Reaction To Death II.

My friend and thought provoker K responded to my post Reaction To Death through an email thus:

“Your post on Reaction To Death esp the second one though very true can get you into trouble !

I suggest a test for blogging – will the reader of the post be better off by reading it ?”

I responded immediately thus:

“K, a blog by definition is a web log. It is my personal diary that I am willing to share with those who care to share my joys and other emotions as well as observe me showing off my intellectual gymnastics. Nothing more nothing less. How can I possibly get into trouble writing about miserable sods? I hope he reads that and discusses it with me.”

K is not one to let matters drift. He went on to send the following Sanskrit Shloka and a parable to illustrate what he wanted to convey.

satyam bruyat priyam bruyat na bruyat satyam apriyam
priyam ca nanrutam bruyat esha dharmah sanatanah

~ Manu Smriti 4.138

Speak truth in such a way that it should be pleasing to others. Never speak truth, which is unpleasant to others. Never speak untruth, which might be pleasant. This is the path of eternal morality, sanatana dharma.

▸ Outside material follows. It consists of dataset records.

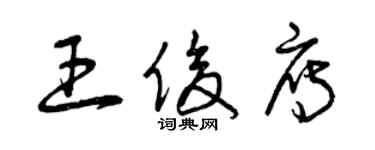曾慶福王俊雁草書個性簽名怎么寫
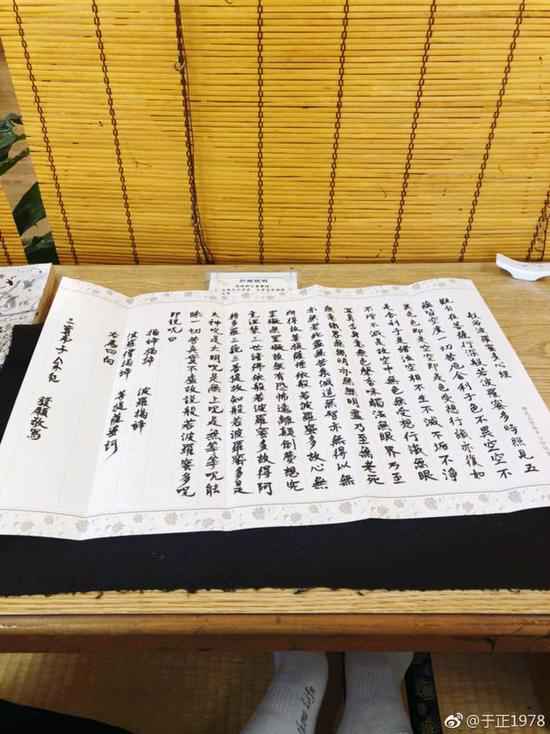 于正：喜欢《延禧攻略》的粉丝专注剧就好 其他不必剖析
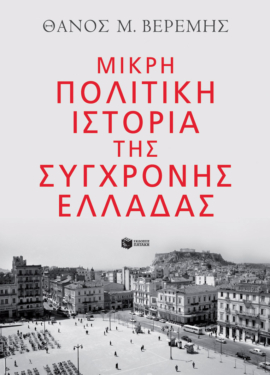 Μικρή πολιτική ιστορία της σύγχρονης Ελλάδας (e-book / epub)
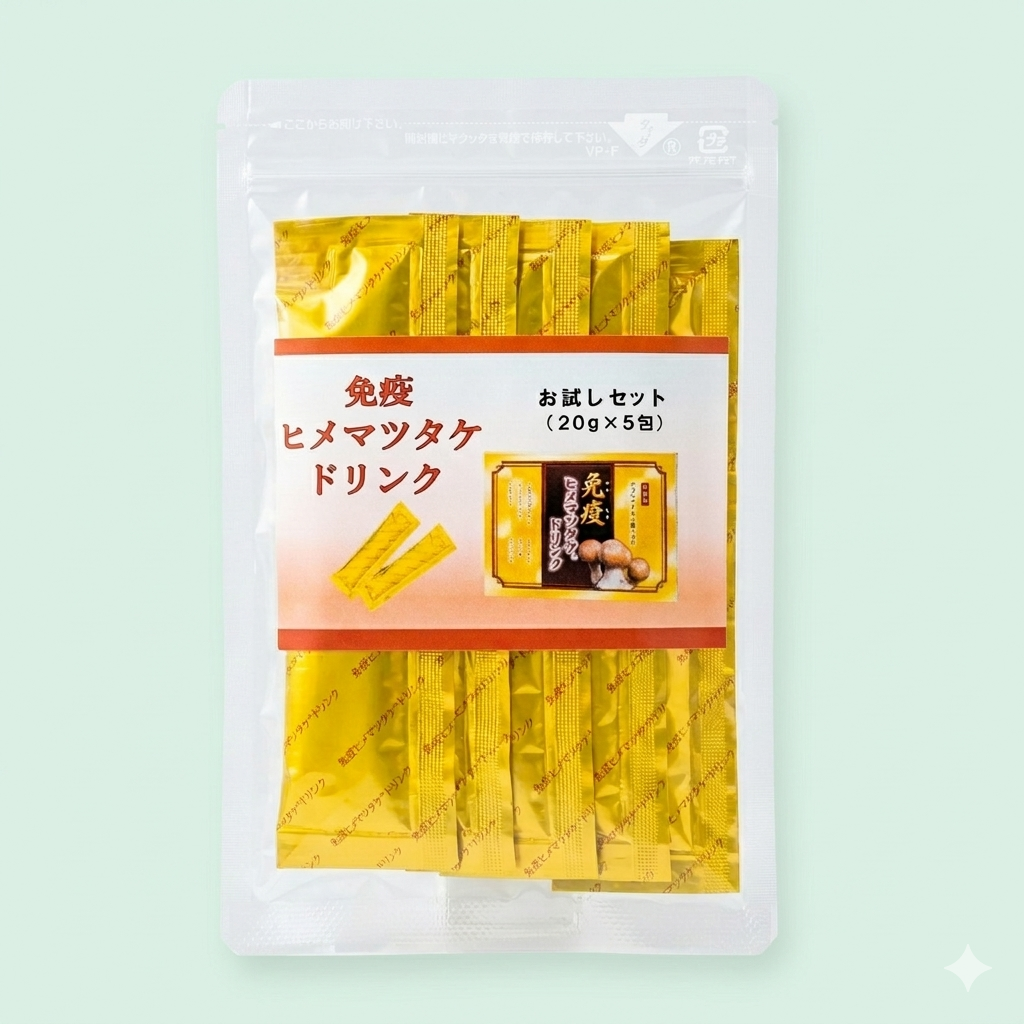 【お試しセット】免疫ヒメマツタケ®ドリンク　20ｇ×5本（100g）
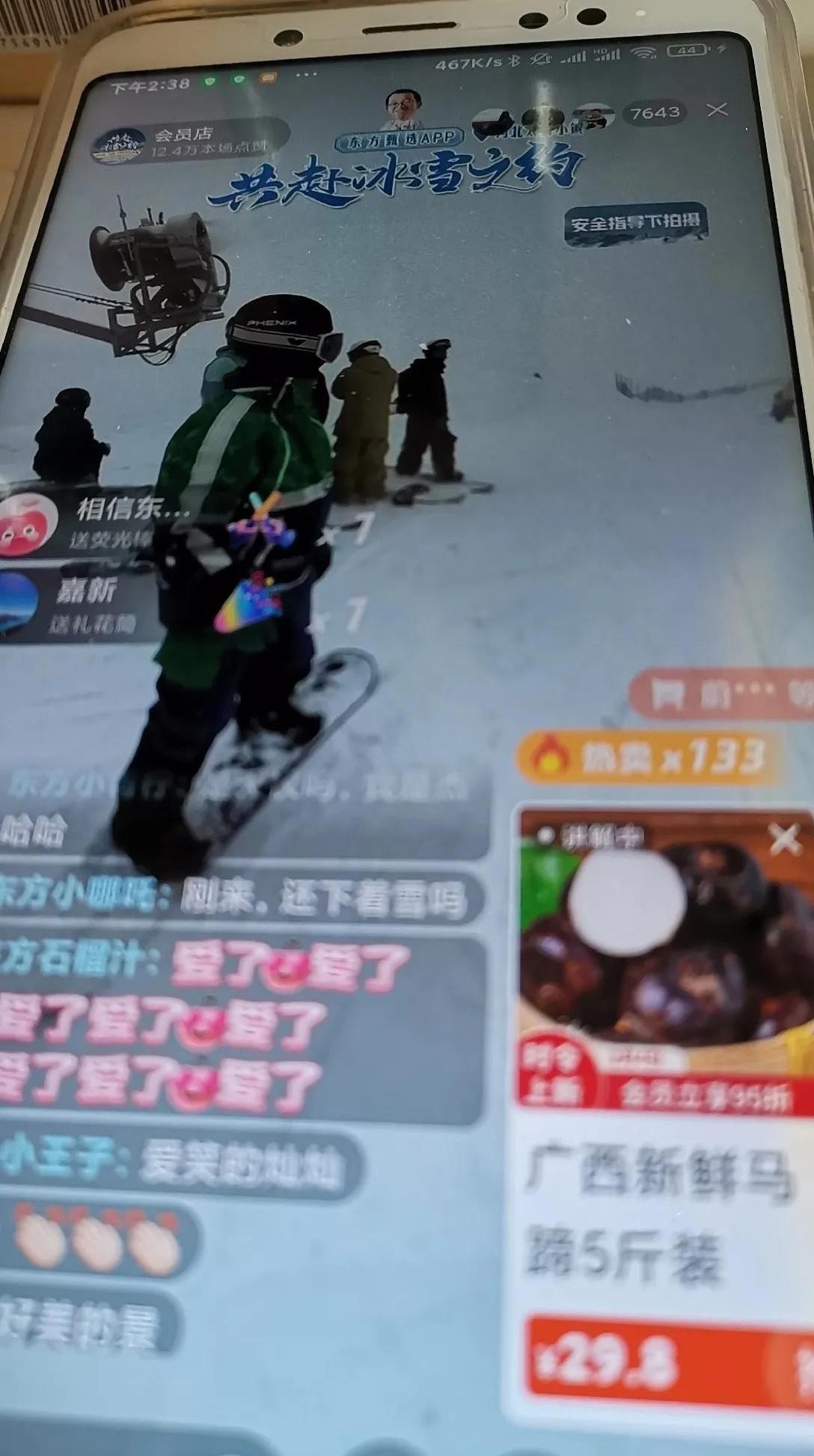 易单助手小号：东方甄选团队内部矛盾揭秘，小孙失踪引发粉丝热议与主播困惑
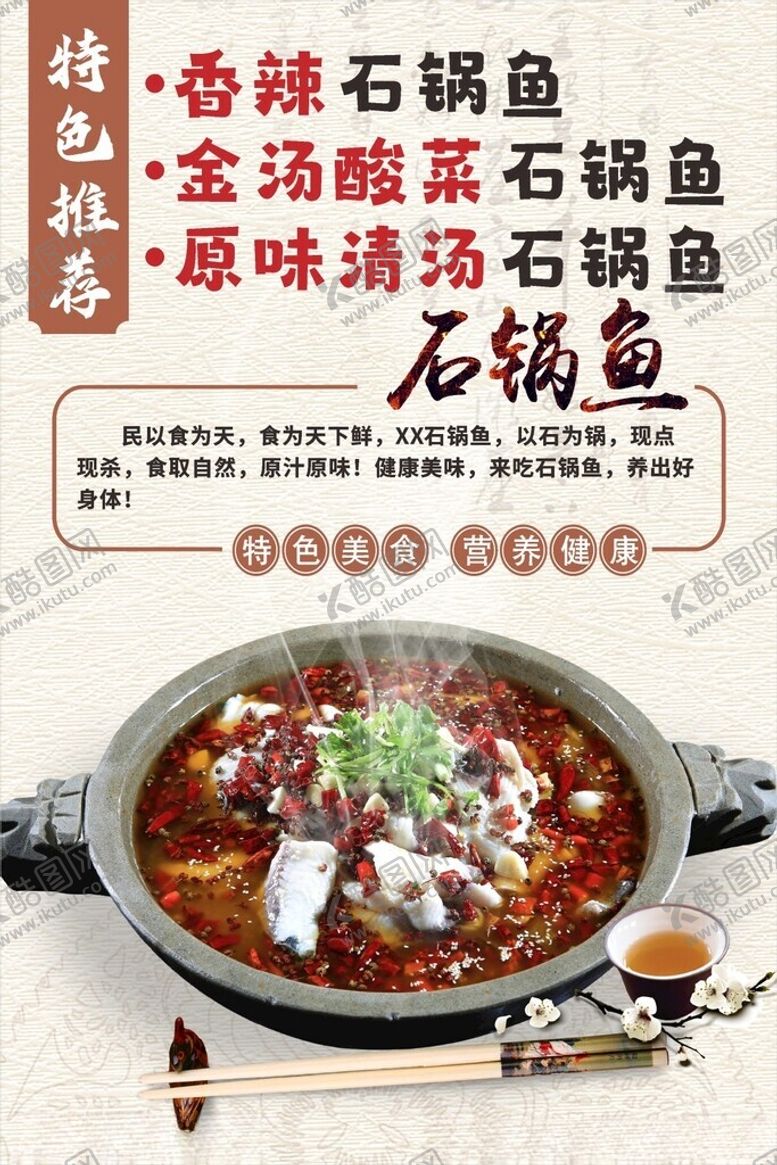 编号：61824801260108062616【酷图网】源文件下载-石锅鱼海报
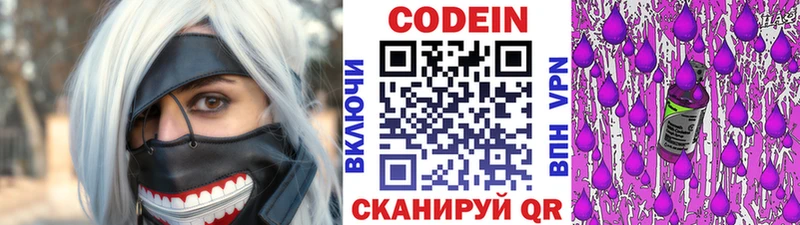 закладки  гидра сайт  Codein напиток Lean (лин)  Суровикино 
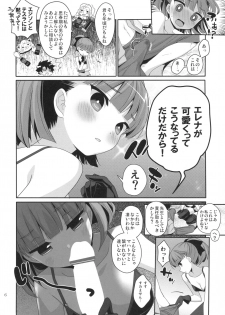 (SC2017 Autumn) [BERRY BAGEL (Kanekiyo Miwa)] Angel Number 333 (Fate/Grand Order) - page 5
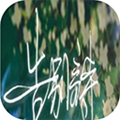 告别诗那年十八 手机版v1.30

To speak truth is an eternal value irrespective of time and place. But the expression of truth should be accompanied by two conditions. Firstly, it should be presented in a loving manner and secondly it should be spoken for the betterment of others. How you speak is as important as what is said. Priyam means speech that does not hurt others. Hitam is something that is said for the good or betterment of others. One should be careful of speaking truth but not hurting others.

We should be careful in speaking the truth. The purpose should be good and the words used and the manners in which they are spoken are important. So the value of truthfulness is relative to a situation. According to the Indian scriptures while living in the world of relativity truth can be interpreted in many ways.

The King And The Astrologer

A king produced his horoscope before an astrologer and asked him about his future. The astrologer pondered the positions of the planets and consulted the Shastras and finally gave his verdict: .Maharaja, all your relatives will die before you, you will perform their obsequies with
your own hands.. The king became furious. He was very much attached to his relatives and could not tolerate such a verdict. The king at once ordered that the poor astrologer should be given imprisonment for life.

Then the king sent for another astrologer. This man was more tactful than the first. He found that the previous astrologer’s readings were absolutely correct. So, he tactfully put the same truth the other way round. He said: .Maharaja, you have a very long life. You will live longer than all your relatives.. This also meant that all his relatives would die while the king was alive. The same fact had been very tactfully told to please the king. The king was highly pleased with the astrologer and gave him rich and costly presents. 

Therefore it is said that even while telling the truth, one should tell it in a pleasant manner. Even a truth should not be told in a way that will hurt the feelings of others. If it is told so, it is tantamount to untruth only. Your speech should be truthful, pleasant and beneficial.

What do you think? Should I have been more circumspect?

This entry was posted in Blogging, Friendship, Philosophy, Relationships, Writing and tagged . Bookmark the permalink.

11 Responses to Reaction To Death II.

  1. Nandu Pillai says:

    I could reply “No” and keep you happy . Or I could reply “Yes” and make you unhappy . Or I could be politically correct and reply ” Maybe” ! You must have read my email on being “politically correct” . I deleted it else I would have reproduced it here ! 🙂

  2. What do u think will happen if you use some tact,diplomacy? You can still show off your linguistic gymnastics.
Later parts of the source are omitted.